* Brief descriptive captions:
● ● ●

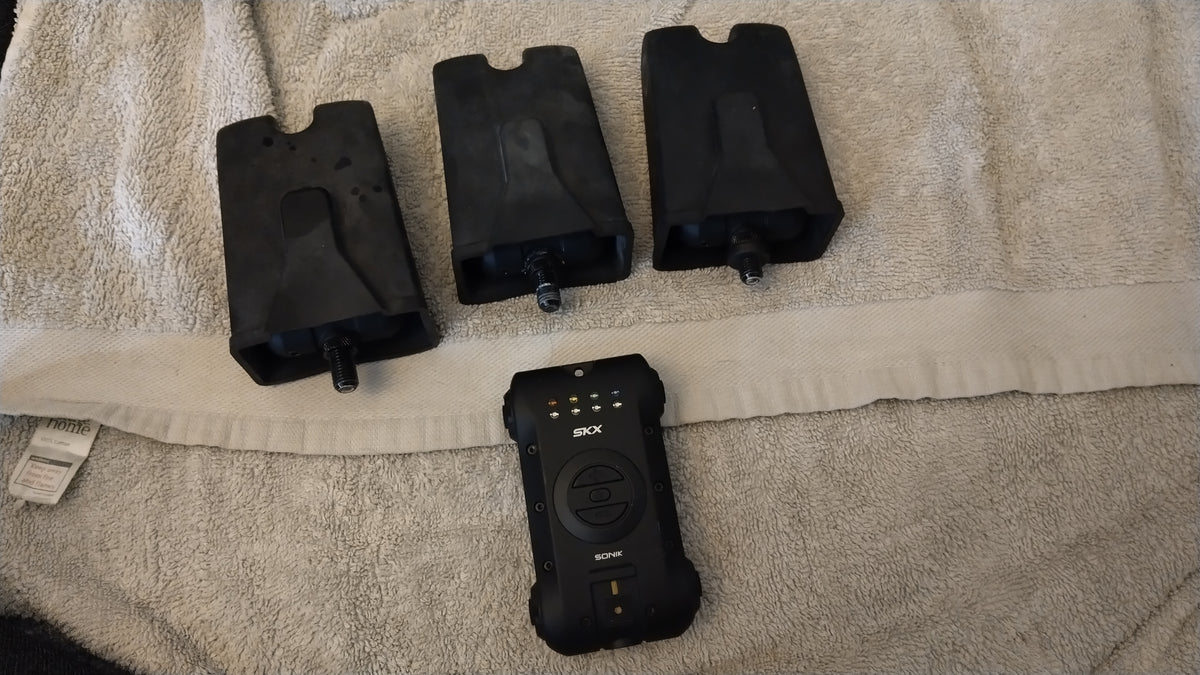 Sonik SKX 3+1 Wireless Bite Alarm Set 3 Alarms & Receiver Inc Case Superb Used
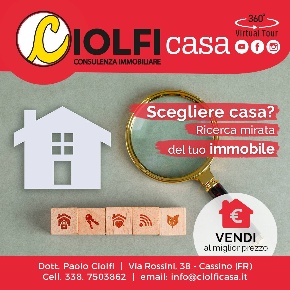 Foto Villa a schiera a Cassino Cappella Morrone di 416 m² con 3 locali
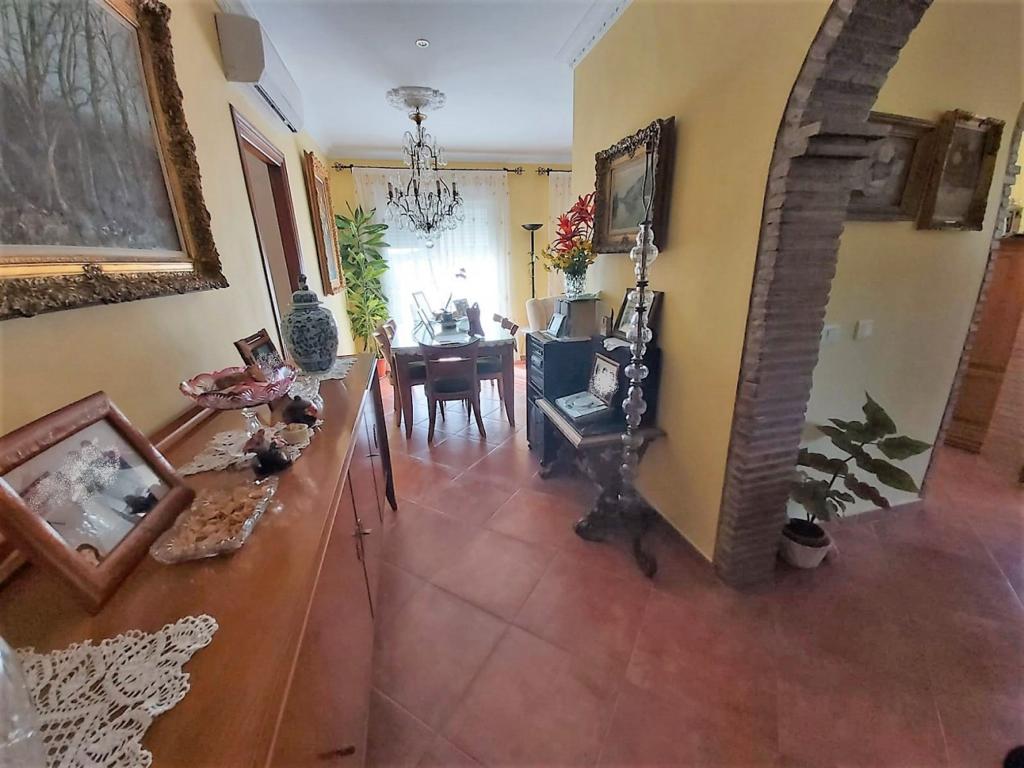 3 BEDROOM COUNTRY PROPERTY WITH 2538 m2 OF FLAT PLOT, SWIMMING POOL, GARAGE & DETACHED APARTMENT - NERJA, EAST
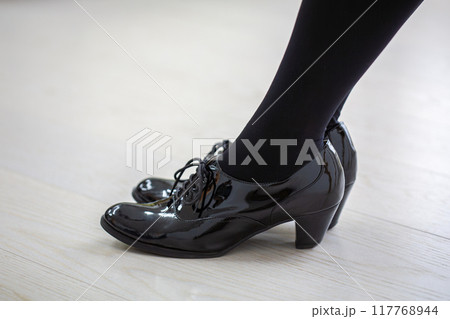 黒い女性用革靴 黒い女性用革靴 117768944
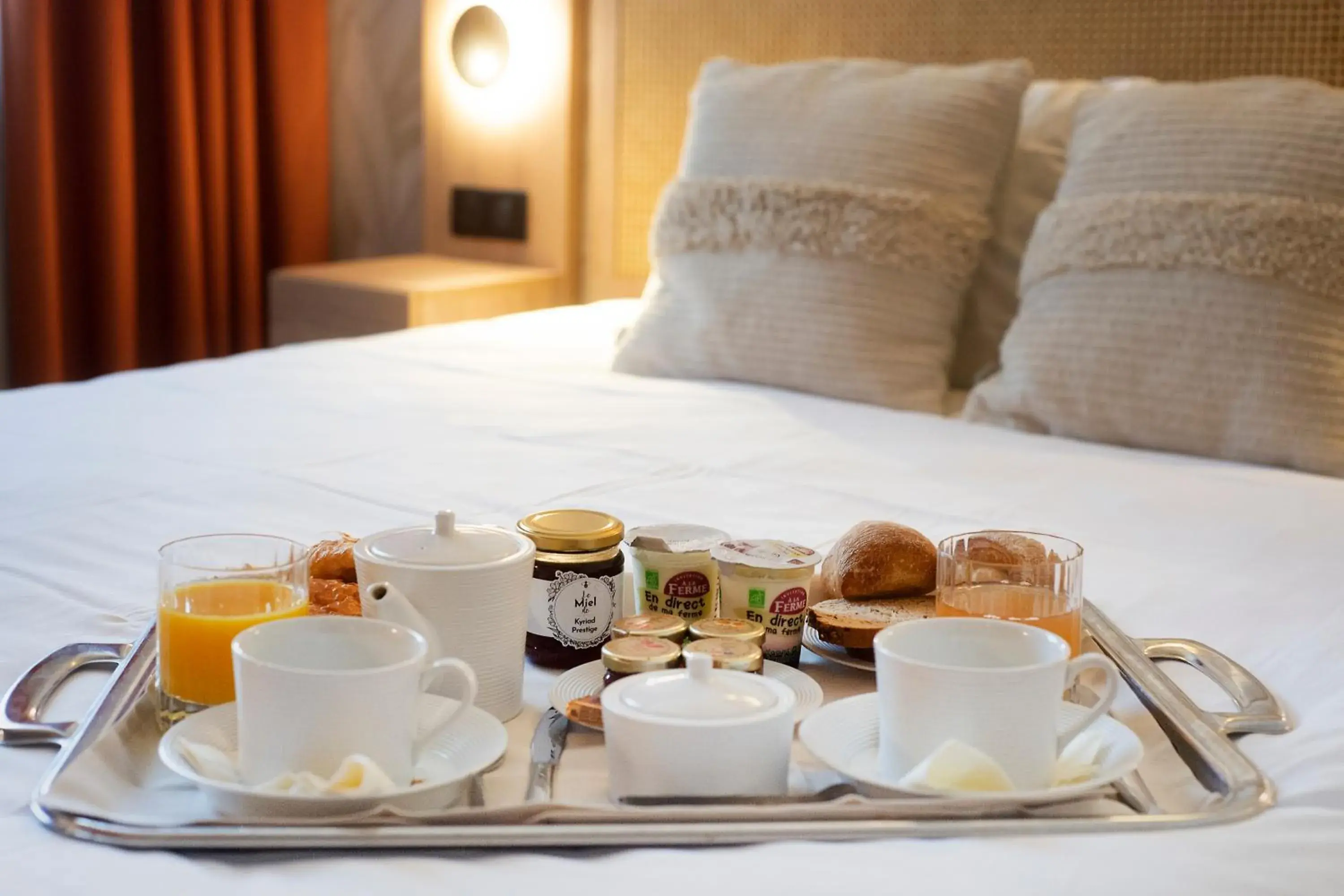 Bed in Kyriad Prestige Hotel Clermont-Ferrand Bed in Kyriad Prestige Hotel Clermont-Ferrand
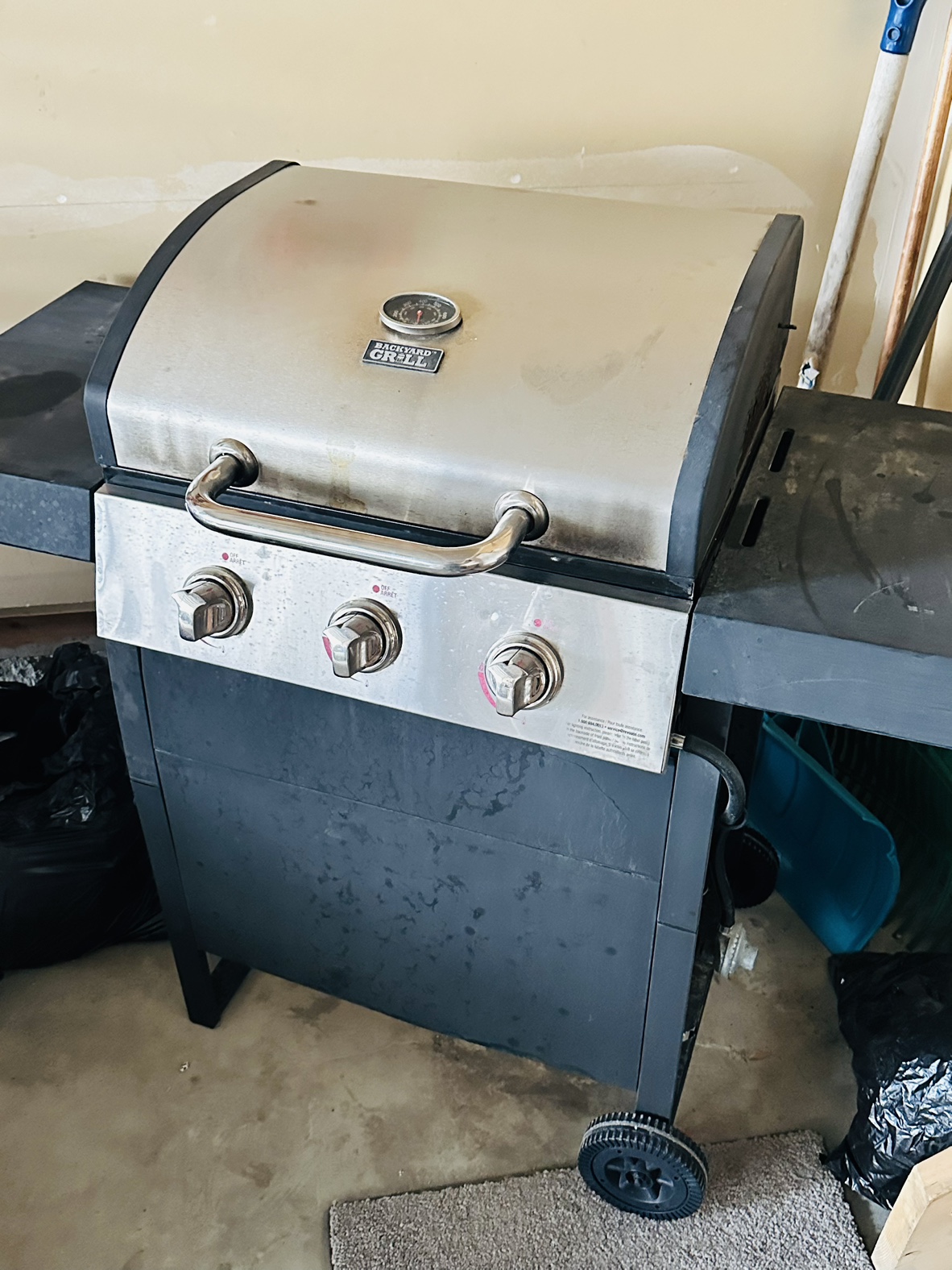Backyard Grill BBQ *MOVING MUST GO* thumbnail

● ● ●

* Task description:
Line for line, restate the data above and omit every picture.

* Solution below:
 Sonik SKX 3+1 Wireless Bite Alarm Set 3 Alarms & Receiver Inc Case Superb Used
 Foto Villa a schiera a Cassino Cappella Morrone di 416 m² con 3 locali
 3 BEDROOM COUNTRY PROPERTY WITH 2538 m2 OF FLAT PLOT, SWIMMING POOL, GARAGE & DETACHED APARTMENT - NERJA, EAST
 黒い女性用革靴 黒い女性用革靴 117768944
 Bed in Kyriad Prestige Hotel Clermont-Ferrand Bed in Kyriad Prestige Hotel Clermont-Ferrand
Backyard Grill BBQ *MOVING MUST GO* thumbnail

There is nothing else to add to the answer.